■ Provided material:

▼▼▼

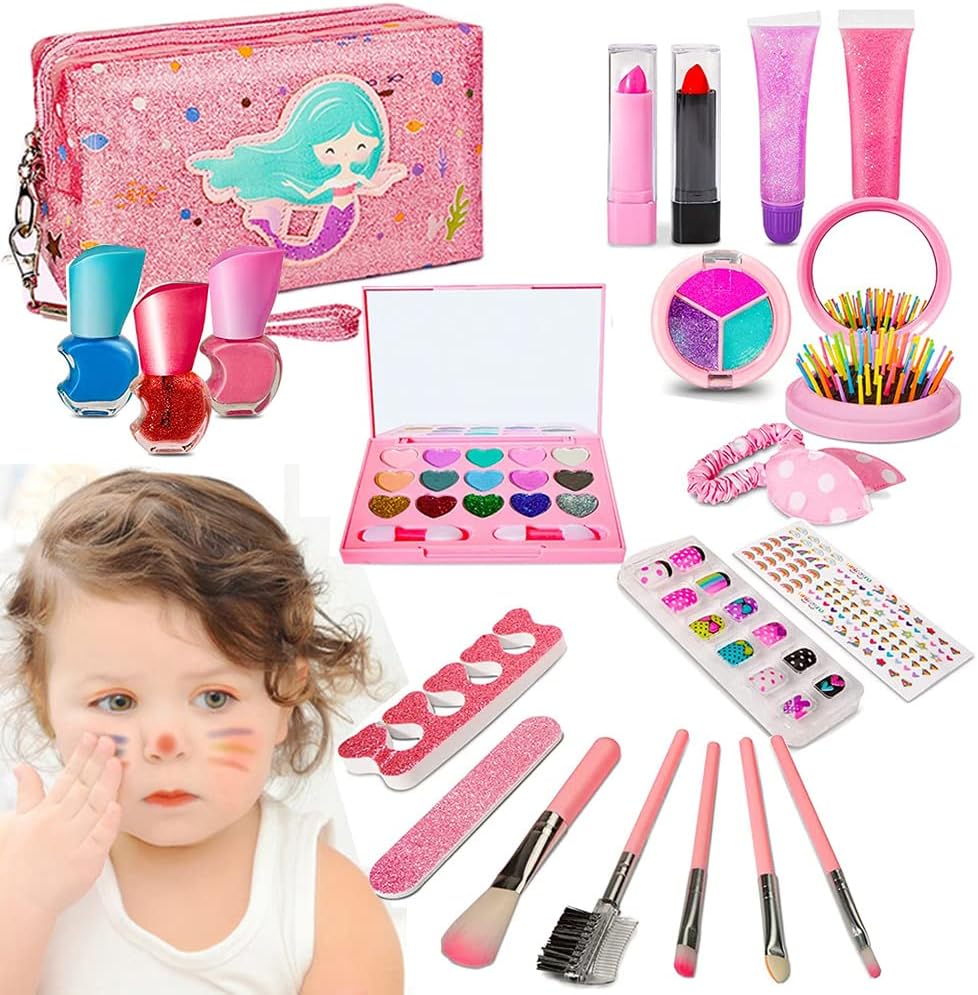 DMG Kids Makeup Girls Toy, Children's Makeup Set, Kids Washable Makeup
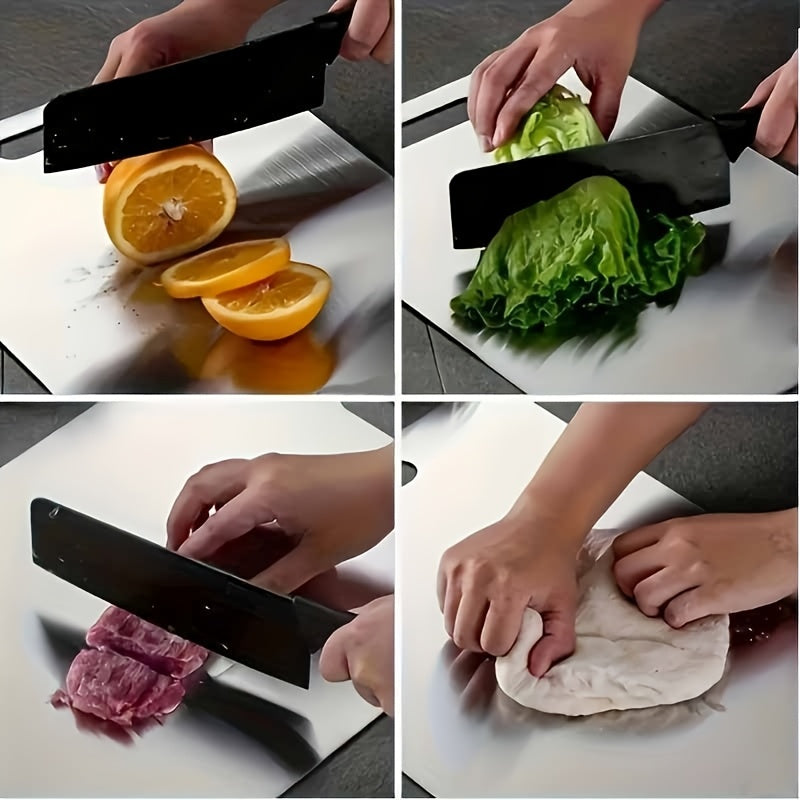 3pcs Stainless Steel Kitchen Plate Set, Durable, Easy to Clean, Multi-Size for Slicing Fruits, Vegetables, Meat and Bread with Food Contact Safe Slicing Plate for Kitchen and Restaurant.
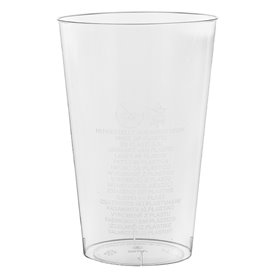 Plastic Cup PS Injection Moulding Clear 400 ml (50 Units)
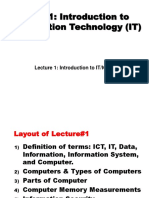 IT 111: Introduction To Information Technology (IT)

▲▲▲

■ Task statement:
Only the pictures should be left out; the rest of the material above must be repeated exactly.

■ Task result:
 DMG Kids Makeup Girls Toy, Children's Makeup Set, Kids Washable Makeup
 3pcs Stainless Steel Kitchen Plate Set, Durable, Easy to Clean, Multi-Size for Slicing Fruits, Vegetables, Meat and Bread with Food Contact Safe Slicing Plate for Kitchen and Restaurant.
 Plastic Cup PS Injection Moulding Clear 400 ml (50 Units)
 IT 111: Introduction To Information Technology (IT)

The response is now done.